-- RECORDS FOR THIS TASK follows --

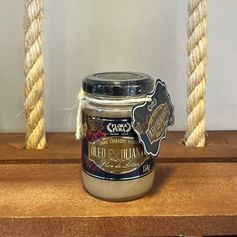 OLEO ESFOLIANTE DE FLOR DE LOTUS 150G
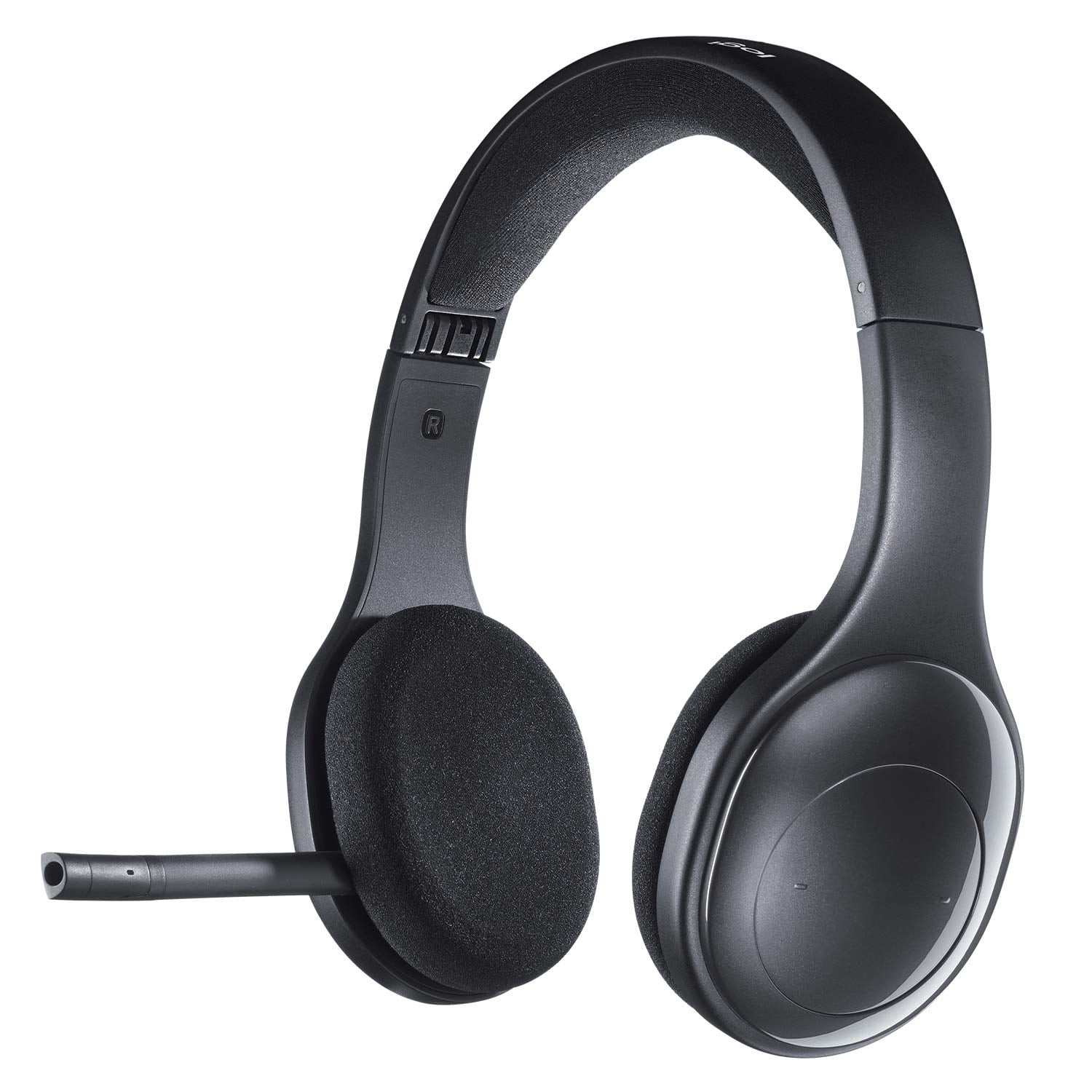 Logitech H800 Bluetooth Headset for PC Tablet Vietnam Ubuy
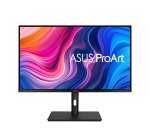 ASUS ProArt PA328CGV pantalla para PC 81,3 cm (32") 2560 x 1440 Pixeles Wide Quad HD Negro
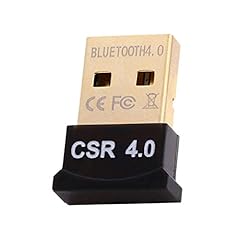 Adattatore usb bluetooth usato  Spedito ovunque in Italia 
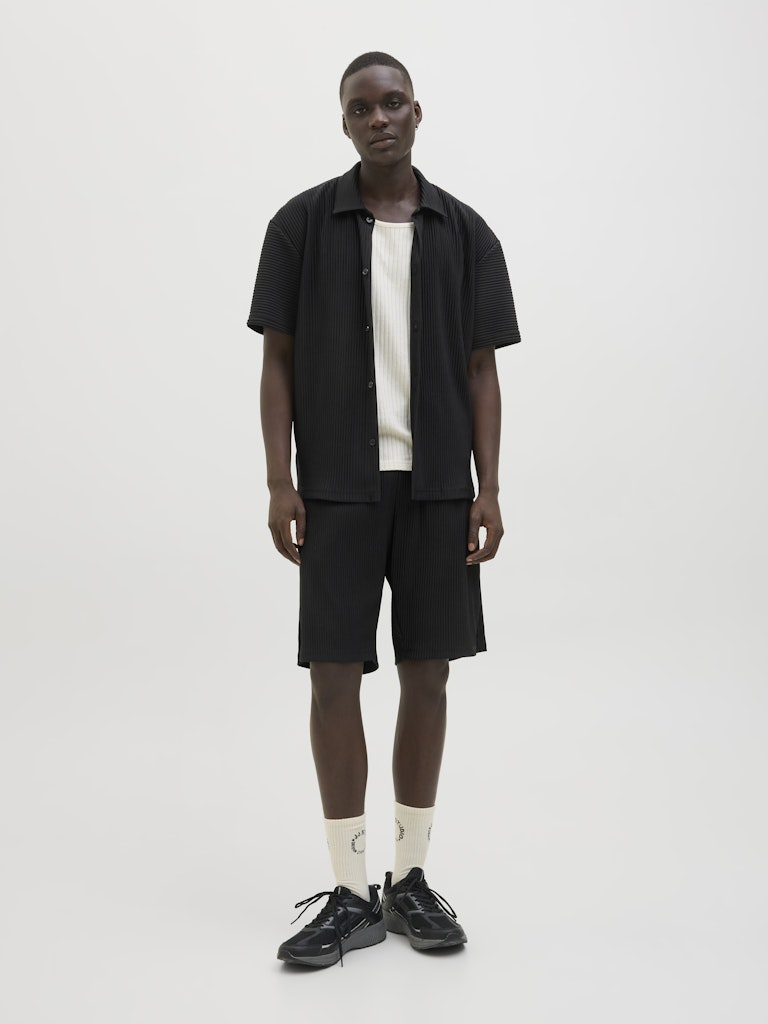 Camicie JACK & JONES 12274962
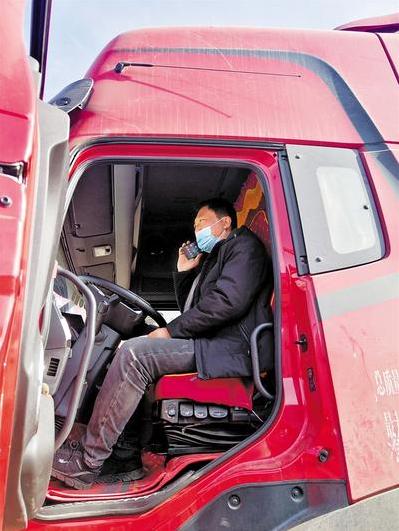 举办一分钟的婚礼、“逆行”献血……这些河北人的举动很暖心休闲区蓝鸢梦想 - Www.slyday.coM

-- RECORDS FOR THIS TASK concluded --
-- RECORDS FOR THIS TASK follows --

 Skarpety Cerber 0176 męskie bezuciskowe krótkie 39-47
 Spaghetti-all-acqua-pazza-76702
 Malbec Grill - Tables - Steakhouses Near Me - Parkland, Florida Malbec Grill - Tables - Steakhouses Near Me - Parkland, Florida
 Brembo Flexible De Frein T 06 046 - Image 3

-- RECORDS FOR THIS TASK concluded --

= EXERCISE DETAILS =
Copy the stretch of the records above that runs from the line with "Parkland, Florida Malbec" through the line with "Brembo Flexible De Frein T 06 046 - Image 3". Both end lines belong in the copy, and nothing else does.

= RESULT FOR THIS TASK =
 Malbec Grill - Tables - Steakhouses Near Me - Parkland, Florida Malbec Grill - Tables - Steakhouses Near Me - Parkland, Florida
 Brembo Flexible De Frein T 06 046 - Image 3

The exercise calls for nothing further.